PAWLEYS ISLAND, SC (WCSC) - Folks along the Grand Strand are thanking the crews at the Midway Fire Rescue, calling them "Hurricane Heroes."
The fire department faced hurricane winds and storm surge to fight not just one, but two fires during the storm.
MOBILE USERS: Click here for more pictures of the fires.
Early Saturday morning as Hurricane Mathew was barreling in, a house on the north end of Pawleys Island caught fire.
Chief Doug Eggiman said his department assessed wind conditions and decided they could respond without endangering their firefighters.
Eggiman said the house was fully involved when crews arrived.
"There was a large amount of flying embers, of course, with the wind," he said. "There was a structure on each side that was threatened because of the wind conditions, and the fire was intense,"
The goal of fighting a fire during a hurricane, the chief said, is to keep the fire to the building where it started.
He said his crews were able to do that, staying on the scene for an hour and a half, as long as conditions allowed.
But eventually, Hurricane Matthew was more than he was comfortable with.

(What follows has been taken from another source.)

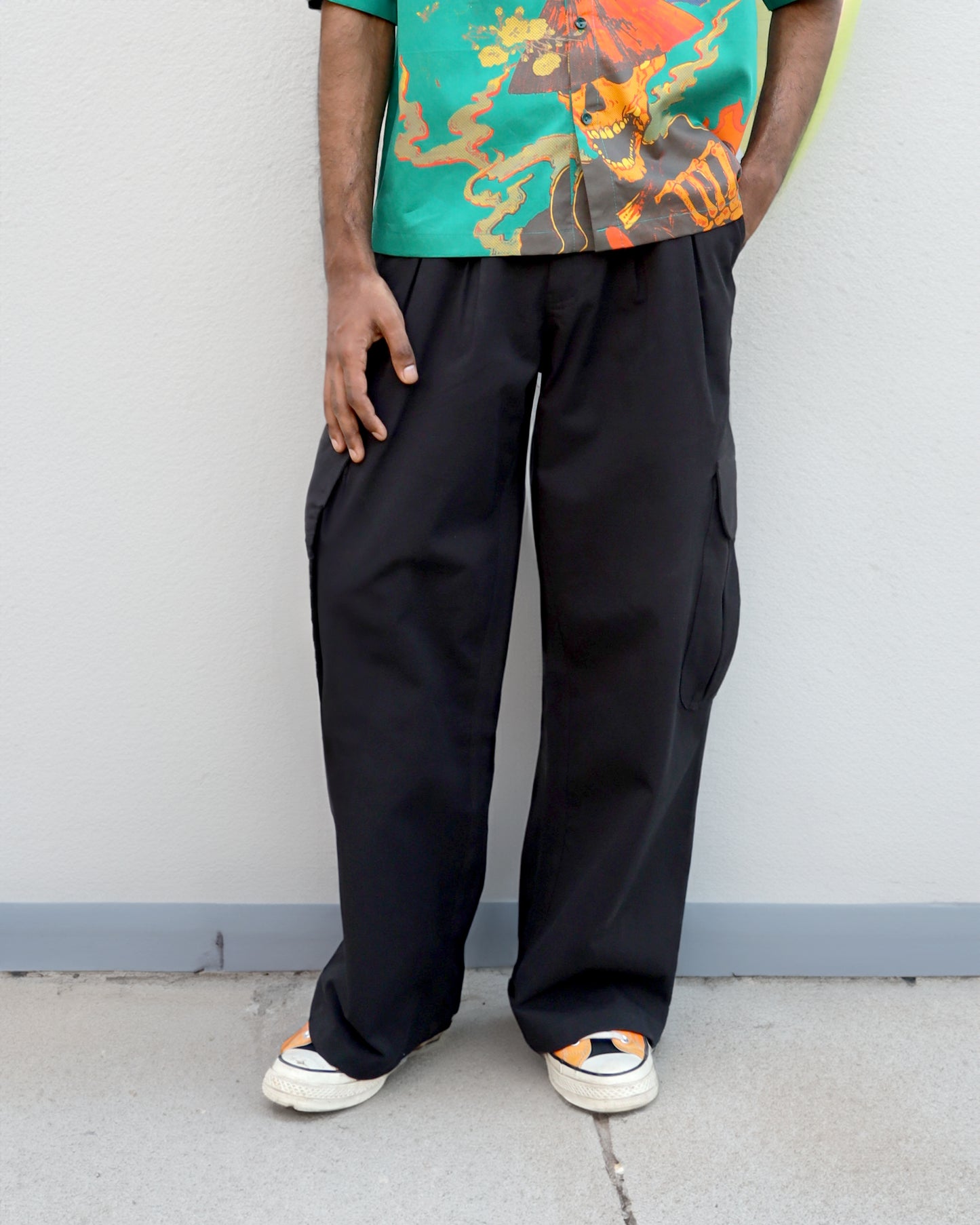 expnd Trouser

"Trying to spray water wasn't very effective at that point in time, so we pulled operations," Eggiman said. "We were comfortable that between the rain and the job that we had done, that it was unlikely there would be any further spread,"
Once conditions improved Midway crews went back to the scene to put out the hot spots.
Fighting a fire during a hurricane was a first for Chief Eggiman.
"I was here during Hugo, and we didn't have any structure fires," he said.
And the Pawleys fire wasn't the only one during Hurricane Matthew.
There was yet another fire at Litchfield by the Sea that involved two condominiums.
This time, it was the storm surge the firefighters had to brave.
"If you haven't ever experienced storm surge, it's not what you want to experience," Chief Eggiman remarked.
That fire was called in by the Litchfield by the Sea security.
There were two condos on fire, and condos on each side of them were threatened as well.
"When we responded to Litchfield by the Sea, I think we were about an hour before high tide, so we ran into some pretty heavy storm surge," Eggiman said. "The estimation was in some places from two to five feet, and of course our vehicles aren't designed for that kind of storm surge."
The firefighters managed to get an engine and aerial and two other vehicles to the fire scene.
The chief said their goal was to limit the fire to the two condos where the fire started.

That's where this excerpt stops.